AIM OF THE EXERCISE | Your response should consist of the records below, repeated exactly.

RECORD EXCERPTS |
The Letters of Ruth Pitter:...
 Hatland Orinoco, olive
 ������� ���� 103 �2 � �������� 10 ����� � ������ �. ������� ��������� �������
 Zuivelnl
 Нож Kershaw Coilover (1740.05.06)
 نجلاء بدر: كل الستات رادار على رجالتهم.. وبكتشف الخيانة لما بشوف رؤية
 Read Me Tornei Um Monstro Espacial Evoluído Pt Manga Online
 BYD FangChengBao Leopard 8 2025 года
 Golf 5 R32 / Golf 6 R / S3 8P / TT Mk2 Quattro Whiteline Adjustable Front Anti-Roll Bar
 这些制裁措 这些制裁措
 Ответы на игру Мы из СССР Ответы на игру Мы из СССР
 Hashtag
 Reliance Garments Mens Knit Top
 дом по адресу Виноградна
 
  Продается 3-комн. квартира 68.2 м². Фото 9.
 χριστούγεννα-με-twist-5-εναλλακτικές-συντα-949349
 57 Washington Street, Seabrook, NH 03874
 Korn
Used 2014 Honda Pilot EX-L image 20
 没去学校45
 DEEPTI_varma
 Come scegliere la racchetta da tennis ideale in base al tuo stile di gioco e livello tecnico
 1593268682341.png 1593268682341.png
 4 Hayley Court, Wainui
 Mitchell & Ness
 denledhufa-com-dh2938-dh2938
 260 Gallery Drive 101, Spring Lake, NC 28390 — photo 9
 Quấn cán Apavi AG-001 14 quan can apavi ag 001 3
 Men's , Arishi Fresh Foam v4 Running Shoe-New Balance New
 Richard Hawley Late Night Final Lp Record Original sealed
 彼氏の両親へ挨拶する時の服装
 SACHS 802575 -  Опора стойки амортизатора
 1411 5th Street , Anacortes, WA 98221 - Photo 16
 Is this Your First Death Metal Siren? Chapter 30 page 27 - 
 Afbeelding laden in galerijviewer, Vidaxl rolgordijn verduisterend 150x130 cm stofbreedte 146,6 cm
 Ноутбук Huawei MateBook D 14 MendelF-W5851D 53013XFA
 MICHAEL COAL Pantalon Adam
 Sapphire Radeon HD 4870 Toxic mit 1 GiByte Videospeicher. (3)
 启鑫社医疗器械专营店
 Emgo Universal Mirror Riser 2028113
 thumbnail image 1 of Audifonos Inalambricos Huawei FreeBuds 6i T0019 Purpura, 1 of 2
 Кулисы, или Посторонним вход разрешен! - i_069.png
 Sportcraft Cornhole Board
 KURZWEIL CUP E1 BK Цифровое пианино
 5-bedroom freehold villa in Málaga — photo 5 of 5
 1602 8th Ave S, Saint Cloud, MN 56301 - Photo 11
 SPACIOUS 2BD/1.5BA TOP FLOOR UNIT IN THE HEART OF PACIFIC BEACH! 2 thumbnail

ANSWER TO THIS TASK |
The Letters of Ruth Pitter:...
 Hatland Orinoco, olive
 ������� ���� 103 �2 � �������� 10 ����� � ������ �. ������� ��������� �������
 Zuivelnl
 Нож Kershaw Coilover (1740.05.06)
 نجلاء بدر: كل الستات رادار على رجالتهم.. وبكتشف الخيانة لما بشوف رؤية
 Read Me Tornei Um Monstro Espacial Evoluído Pt Manga Online
 BYD FangChengBao Leopard 8 2025 года
 Golf 5 R32 / Golf 6 R / S3 8P / TT Mk2 Quattro Whiteline Adjustable Front Anti-Roll Bar
 这些制裁措 这些制裁措
 Ответы на игру Мы из СССР Ответы на игру Мы из СССР
 Hashtag
 Reliance Garments Mens Knit Top
 дом по адресу Виноградна
 
  Продается 3-комн. квартира 68.2 м². Фото 9.
 χριστούγεννα-με-twist-5-εναλλακτικές-συντα-949349
 57 Washington Street, Seabrook, NH 03874
 Korn
Used 2014 Honda Pilot EX-L image 20
 没去学校45
 DEEPTI_varma
 Come scegliere la racchetta da tennis ideale in base al tuo stile di gioco e livello tecnico
 1593268682341.png 1593268682341.png
 4 Hayley Court, Wainui
 Mitchell & Ness
 denledhufa-com-dh2938-dh2938
 260 Gallery Drive 101, Spring Lake, NC 28390 — photo 9
 Quấn cán Apavi AG-001 14 quan can apavi ag 001 3
 Men's , Arishi Fresh Foam v4 Running Shoe-New Balance New
 Richard Hawley Late Night Final Lp Record Original sealed
 彼氏の両親へ挨拶する時の服装
 SACHS 802575 -  Опора стойки амортизатора
 1411 5th Street , Anacortes, WA 98221 - Photo 16
 Is this Your First Death Metal Siren? Chapter 30 page 27 - 
 Afbeelding laden in galerijviewer, Vidaxl rolgordijn verduisterend 150x130 cm stofbreedte 146,6 cm
 Ноутбук Huawei MateBook D 14 MendelF-W5851D 53013XFA
 MICHAEL COAL Pantalon Adam
 Sapphire Radeon HD 4870 Toxic mit 1 GiByte Videospeicher. (3)
 启鑫社医疗器械专营店
 Emgo Universal Mirror Riser 2028113
 thumbnail image 1 of Audifonos Inalambricos Huawei FreeBuds 6i T0019 Purpura, 1 of 2
 Кулисы, или Посторонним вход разрешен! - i_069.png
 Sportcraft Cornhole Board
 KURZWEIL CUP E1 BK Цифровое пианино
 5-bedroom freehold villa in Málaga — photo 5 of 5
 1602 8th Ave S, Saint Cloud, MN 56301 - Photo 11
 SPACIOUS 2BD/1.5BA TOP FLOOR UNIT IN THE HEART OF PACIFIC BEACH! 2 thumbnail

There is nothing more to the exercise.